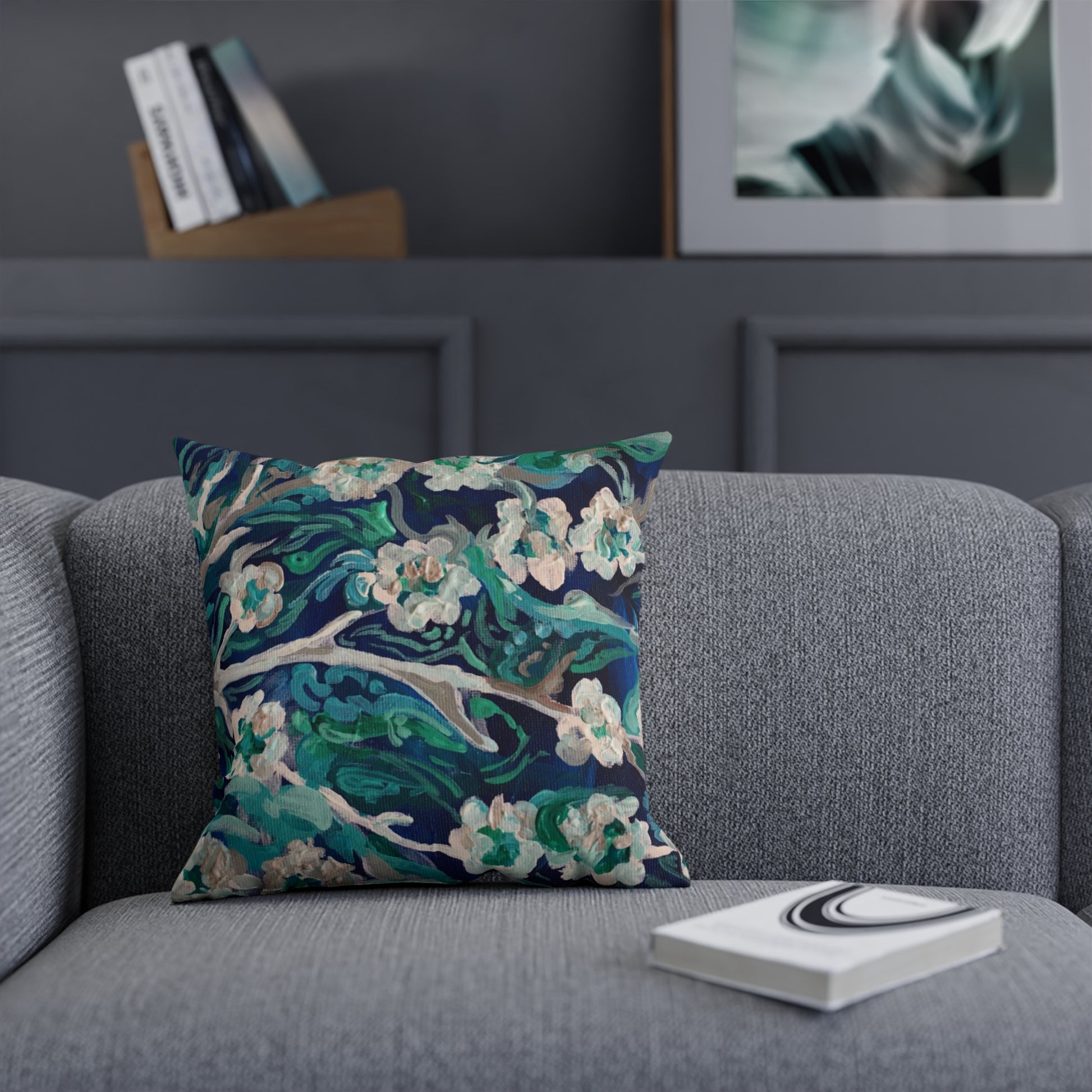 Flowers at Water by Almendrohome Pillow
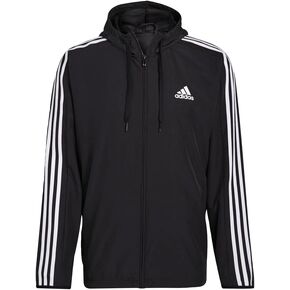 adidas Men's Essentials Woven 3-Stripes Windbreaker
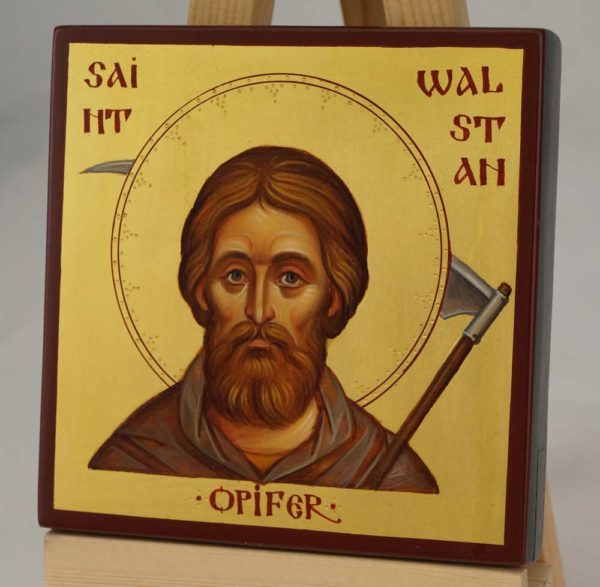 Saint Walstan of Bawburgh Hand Painted Orthodox Icon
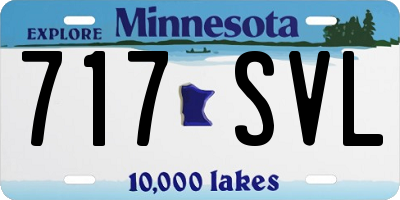 MN license plate 717SVL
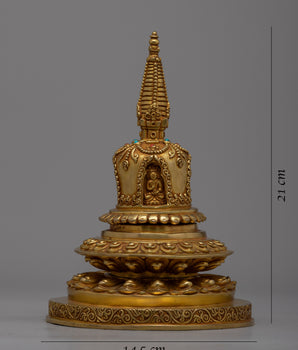 Copper Stupa for Home Altar | Create a Sacred Meditation Corner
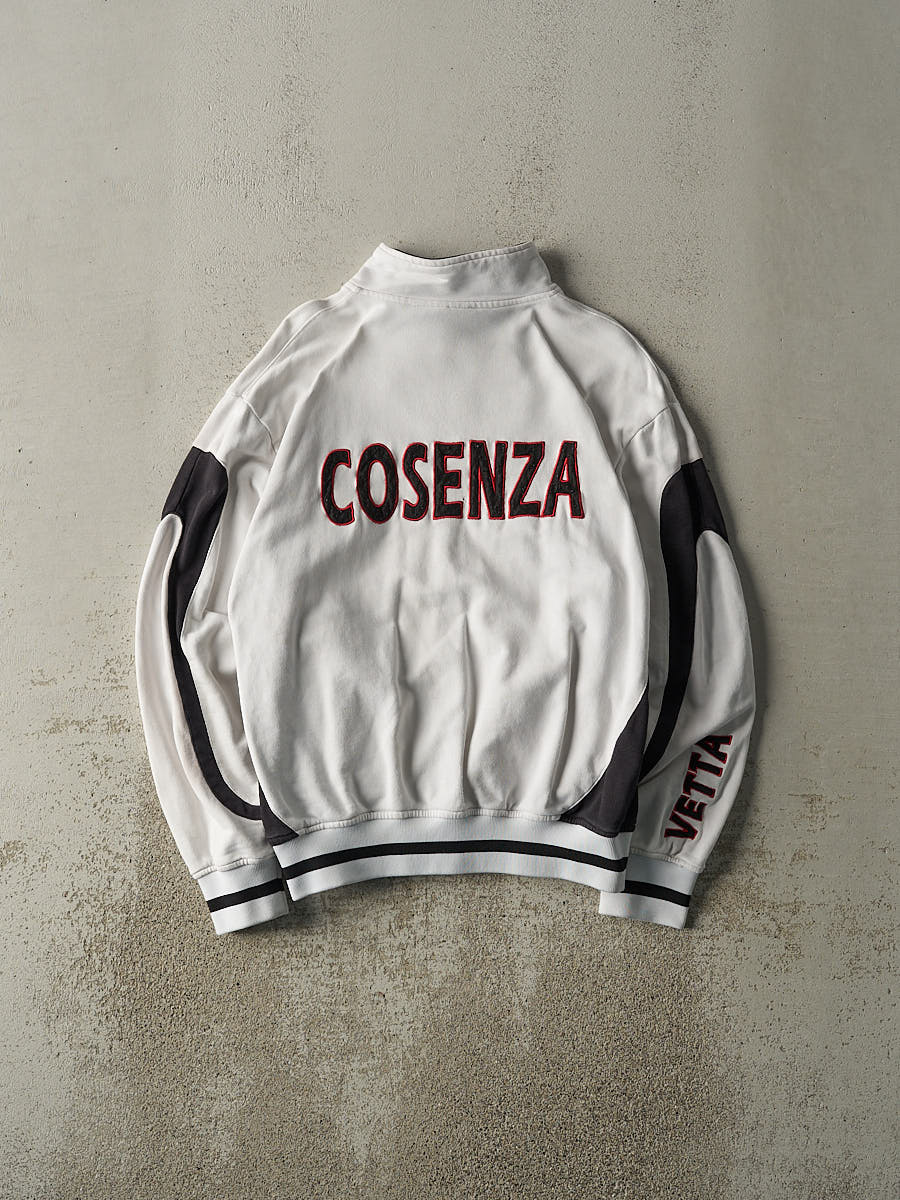 Vintage Y2K White & Black Cosenza Zip Up Track Jacket (M)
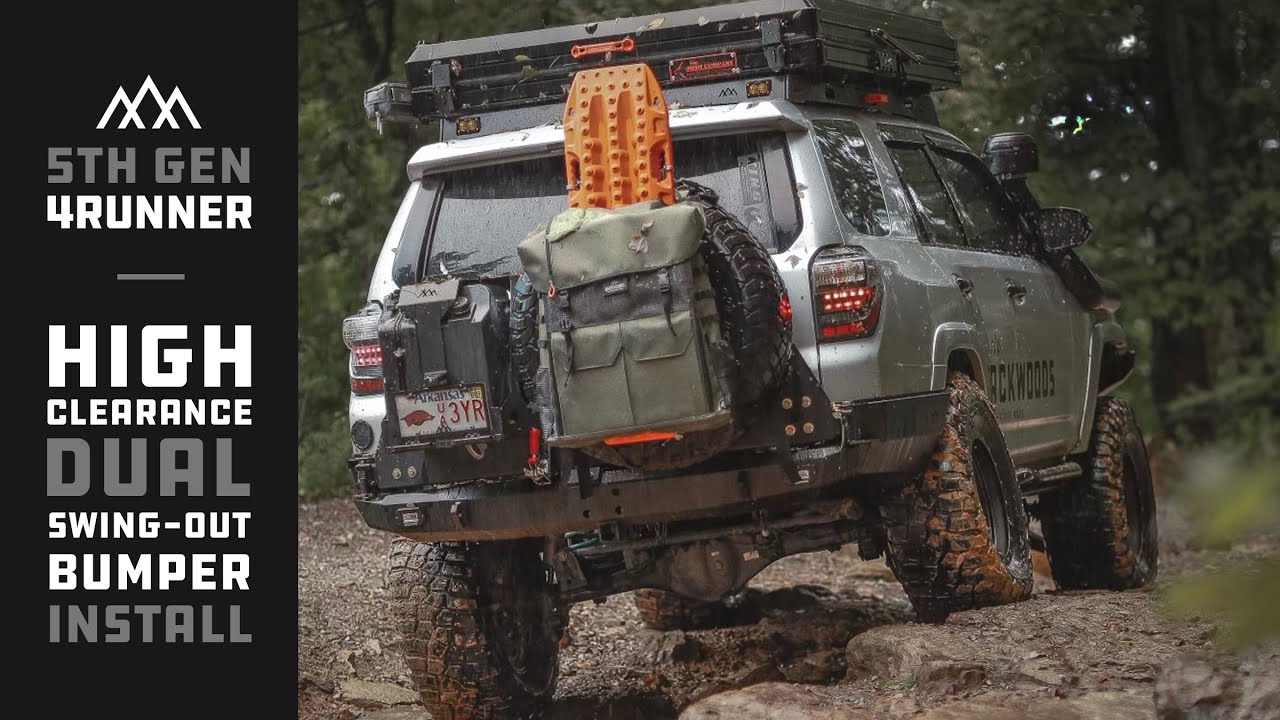 5th Gen 4Runner Hi-Lite Dual Swingout Rear Bumper Install [With Accessories]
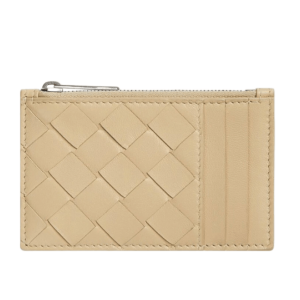 Bottega Veneta Zipped Card Case Porridge
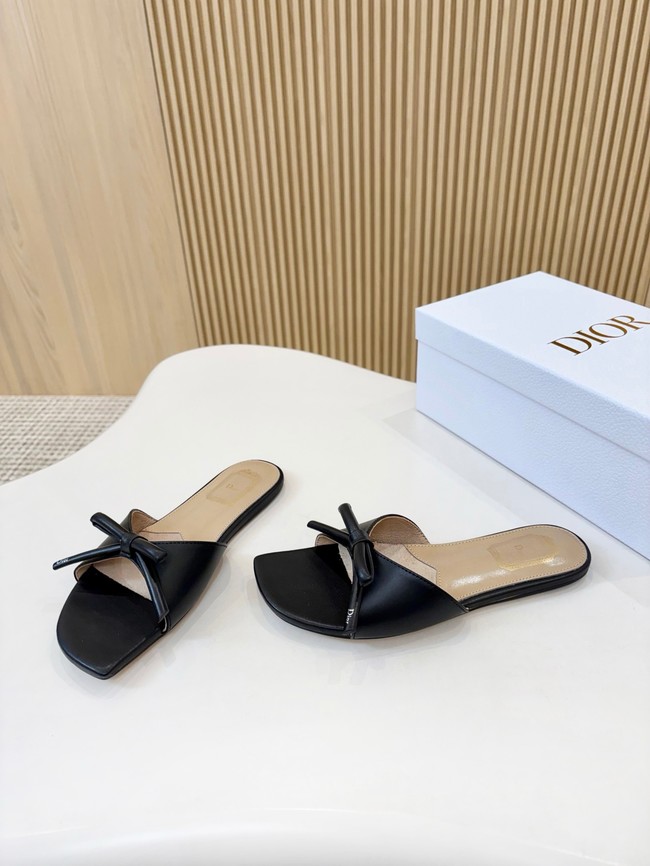 Dior Bow Slide Black Lambskin KCO583L-1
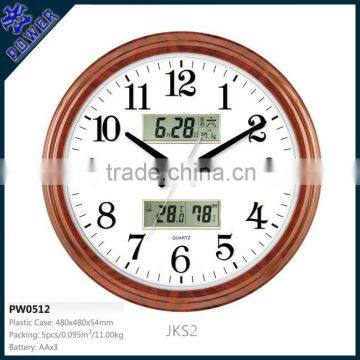 Luminous wall clock,Lcd wall clocks,LED wall clock with world time.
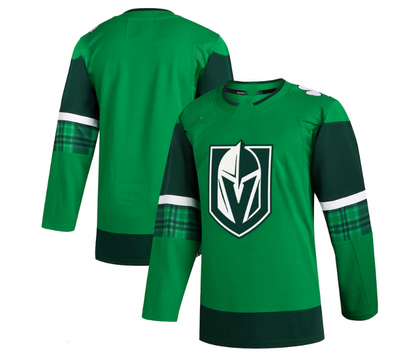 V.Golden Knights 2023 St. Patrick's Day Primegreen Authentic Jersey - Kelly Green Stitched American Hockey Jerseys - Main View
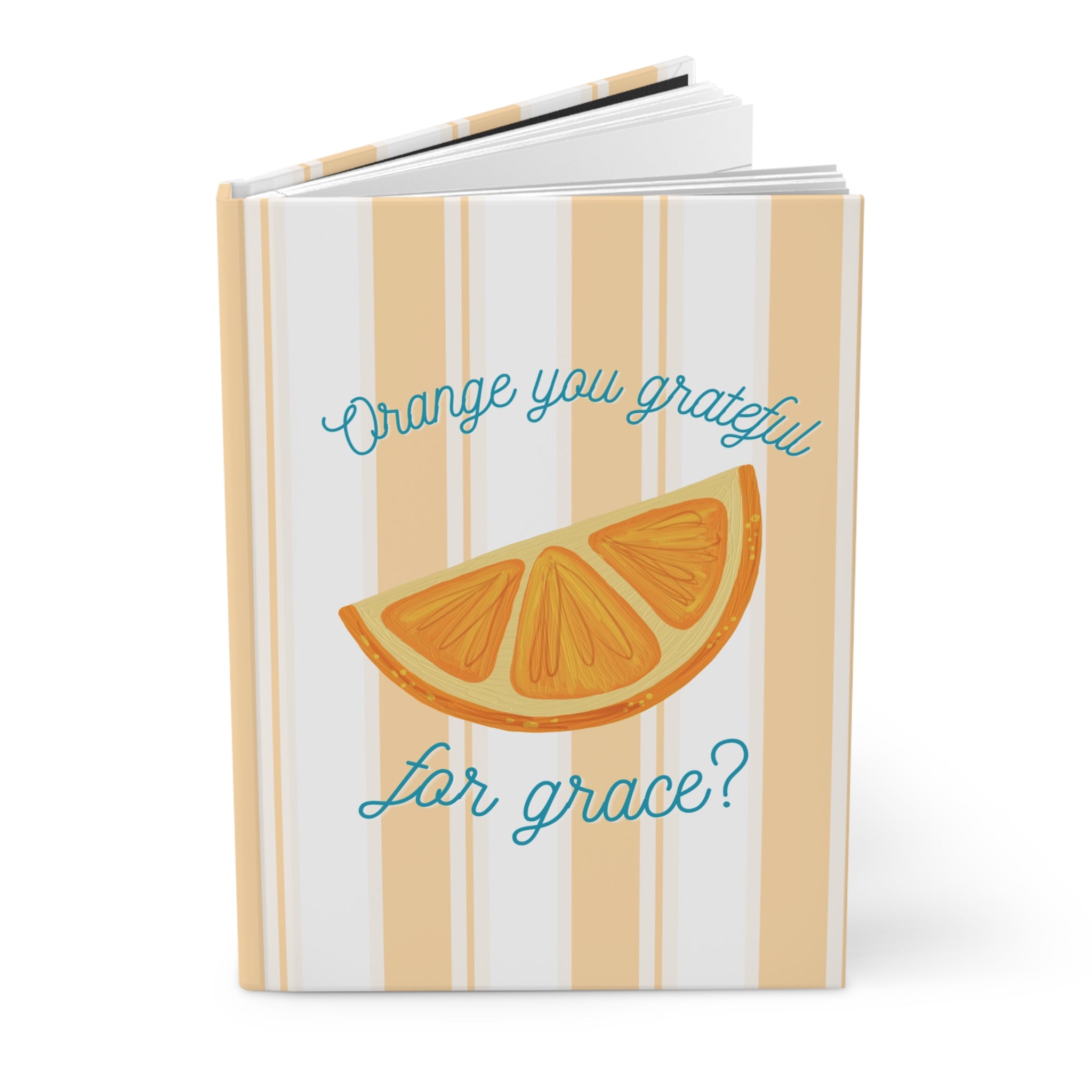 Orange You Grateful Hardcover Journal Matte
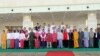 နိုင်ငံတော်သမ္မတဦးသိန်းစိန်နဲ့ တိုင်းရင်းသား လက်နက်ကိုင်အဖွဲ့တို့ သီးခြားတွေ့ဆုံစဉ်။ (ဓာတ်ပုံ-ဦးလှမောင်ရွှေ) ဇန်နဝါရီ ၅၊ ၂၀၁၅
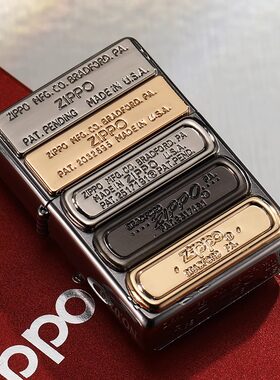 Zippo打火机正版1937复刻五代贴章煤油防风送礼正品收藏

- - - - -

## Task statement
The data above is to be printed exactly, all of it, except for the pictures.

## Result below
 Flowers at Water by Almendrohome Pillow
 adidas Men's Essentials Woven 3-Stripes Windbreaker
 Saint Walstan of Bawburgh Hand Painted Orthodox Icon
 MN license plate 717SVL
 Copper Stupa for Home Altar | Create a Sacred Meditation Corner
 Vintage Y2K White & Black Cosenza Zip Up Track Jacket (M)
 5th Gen 4Runner Hi-Lite Dual Swingout Rear Bumper Install [With Accessories]
 Bottega Veneta Zipped Card Case Porridge
 Dior Bow Slide Black Lambskin KCO583L-1
 Luminous wall clock,Lcd wall clocks,LED wall clock with world time.
 V.Golden Knights 2023 St. Patrick's Day Primegreen Authentic Jersey - Kelly Green Stitched American Hockey Jerseys - Main View
 Orange You Grateful Hardcover Journal Matte
 နိုင်ငံတော်သမ္မတဦးသိန်းစိန်နဲ့ တိုင်းရင်းသား လက်နက်ကိုင်အဖွဲ့တို့ သီးခြားတွေ့ဆုံစဉ်။ (ဓာတ်ပုံ-ဦးလှမောင်ရွှေ) ဇန်နဝါရီ ၅၊ ၂၀၁၅
 Zippo打火机正版1937复刻五代贴章煤油防风送礼正品收藏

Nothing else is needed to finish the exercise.